= REQUIREMENT =
Repeat the listing verbatim. Drop any pictures.

= SUPPLIED INFORMATION =
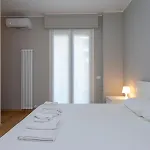 La Casa Di Lilly Арона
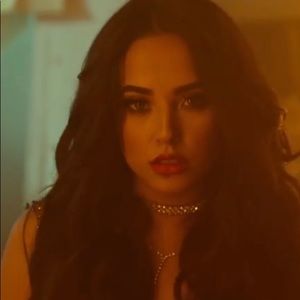 Meet your Posher, Claudia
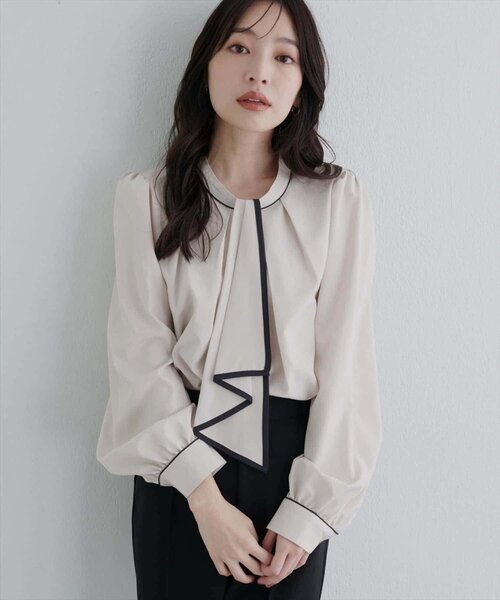 natural couture（ナチュラルクチュール）の「配色ボウタイ２WAYブラウス（シャツ/ブラウス・レディース・ネイビー/オフホワイト/ピンクベージュ/グレイッシュベージュ/その他1・FREE）」の9枚目の写真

= SOLUTION BELOW =
 La Casa Di Lilly Арона
 Meet your Posher, Claudia
 natural couture（ナチュラルクチュール）の「配色ボウタイ２WAYブラウス（シャツ/ブラウス・レディース・ネイビー/オフホワイト/ピンクベージュ/グレイッシュベージュ/その他1・FREE）」の9枚目の写真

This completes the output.